__TASK OBJECTIVE__. With both ends included, repeat exactly the lines of the entries below from the one containing "Logoshirtsdirect" down to the one containing "BMW 5-serien F10/F11", and no others.
*** GIVEN RECORDS ***
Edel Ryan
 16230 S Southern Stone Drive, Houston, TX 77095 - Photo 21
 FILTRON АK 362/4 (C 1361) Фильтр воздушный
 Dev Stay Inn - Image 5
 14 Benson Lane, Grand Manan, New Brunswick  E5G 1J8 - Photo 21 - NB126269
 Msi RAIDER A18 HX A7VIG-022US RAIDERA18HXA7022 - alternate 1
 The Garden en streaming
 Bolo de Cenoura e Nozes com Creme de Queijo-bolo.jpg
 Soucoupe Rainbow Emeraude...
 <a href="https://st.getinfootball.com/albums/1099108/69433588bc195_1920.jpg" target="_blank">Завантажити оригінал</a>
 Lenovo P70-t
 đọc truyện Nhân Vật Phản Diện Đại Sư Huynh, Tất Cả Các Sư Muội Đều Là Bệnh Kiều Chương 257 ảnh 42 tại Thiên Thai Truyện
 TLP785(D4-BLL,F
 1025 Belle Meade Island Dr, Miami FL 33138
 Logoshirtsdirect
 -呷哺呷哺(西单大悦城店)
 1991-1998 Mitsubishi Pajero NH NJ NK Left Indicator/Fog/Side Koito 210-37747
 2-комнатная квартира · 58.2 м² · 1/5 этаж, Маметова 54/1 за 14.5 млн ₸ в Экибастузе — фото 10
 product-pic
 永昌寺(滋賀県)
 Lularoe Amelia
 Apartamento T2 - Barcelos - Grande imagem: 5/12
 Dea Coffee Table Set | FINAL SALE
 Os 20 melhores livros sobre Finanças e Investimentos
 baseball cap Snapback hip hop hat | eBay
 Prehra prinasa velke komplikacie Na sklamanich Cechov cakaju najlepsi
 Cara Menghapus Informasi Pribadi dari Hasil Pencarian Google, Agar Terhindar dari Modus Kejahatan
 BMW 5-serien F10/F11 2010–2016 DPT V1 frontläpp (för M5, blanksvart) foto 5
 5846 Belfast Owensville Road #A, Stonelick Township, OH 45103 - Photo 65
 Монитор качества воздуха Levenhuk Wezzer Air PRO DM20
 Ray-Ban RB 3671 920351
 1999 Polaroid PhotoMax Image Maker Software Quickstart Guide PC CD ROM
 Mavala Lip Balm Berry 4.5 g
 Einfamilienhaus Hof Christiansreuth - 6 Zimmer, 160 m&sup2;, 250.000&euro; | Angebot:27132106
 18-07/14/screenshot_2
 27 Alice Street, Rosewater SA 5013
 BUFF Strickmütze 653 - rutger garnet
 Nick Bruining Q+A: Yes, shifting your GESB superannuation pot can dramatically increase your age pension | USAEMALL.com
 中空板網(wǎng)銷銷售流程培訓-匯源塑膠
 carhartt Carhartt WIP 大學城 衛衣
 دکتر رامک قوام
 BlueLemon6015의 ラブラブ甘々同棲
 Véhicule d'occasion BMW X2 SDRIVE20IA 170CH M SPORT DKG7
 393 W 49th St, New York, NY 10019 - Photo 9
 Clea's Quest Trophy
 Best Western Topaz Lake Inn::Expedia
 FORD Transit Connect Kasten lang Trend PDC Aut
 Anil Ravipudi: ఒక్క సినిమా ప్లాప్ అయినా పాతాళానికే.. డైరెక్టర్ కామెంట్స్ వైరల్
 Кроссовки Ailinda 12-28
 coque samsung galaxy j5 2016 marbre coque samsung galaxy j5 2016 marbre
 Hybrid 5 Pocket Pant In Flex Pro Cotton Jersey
***
__RESPONSE TO THIS TASK__.
 Logoshirtsdirect
 -呷哺呷哺(西单大悦城店)
 1991-1998 Mitsubishi Pajero NH NJ NK Left Indicator/Fog/Side Koito 210-37747
 2-комнатная квартира · 58.2 м² · 1/5 этаж, Маметова 54/1 за 14.5 млн ₸ в Экибастузе — фото 10
 product-pic
 永昌寺(滋賀県)
 Lularoe Amelia
 Apartamento T2 - Barcelos - Grande imagem: 5/12
 Dea Coffee Table Set | FINAL SALE
 Os 20 melhores livros sobre Finanças e Investimentos
 baseball cap Snapback hip hop hat | eBay
 Prehra prinasa velke komplikacie Na sklamanich Cechov cakaju najlepsi
 Cara Menghapus Informasi Pribadi dari Hasil Pencarian Google, Agar Terhindar dari Modus Kejahatan
 BMW 5-serien F10/F11 2010–2016 DPT V1 frontläpp (för M5, blanksvart) foto 5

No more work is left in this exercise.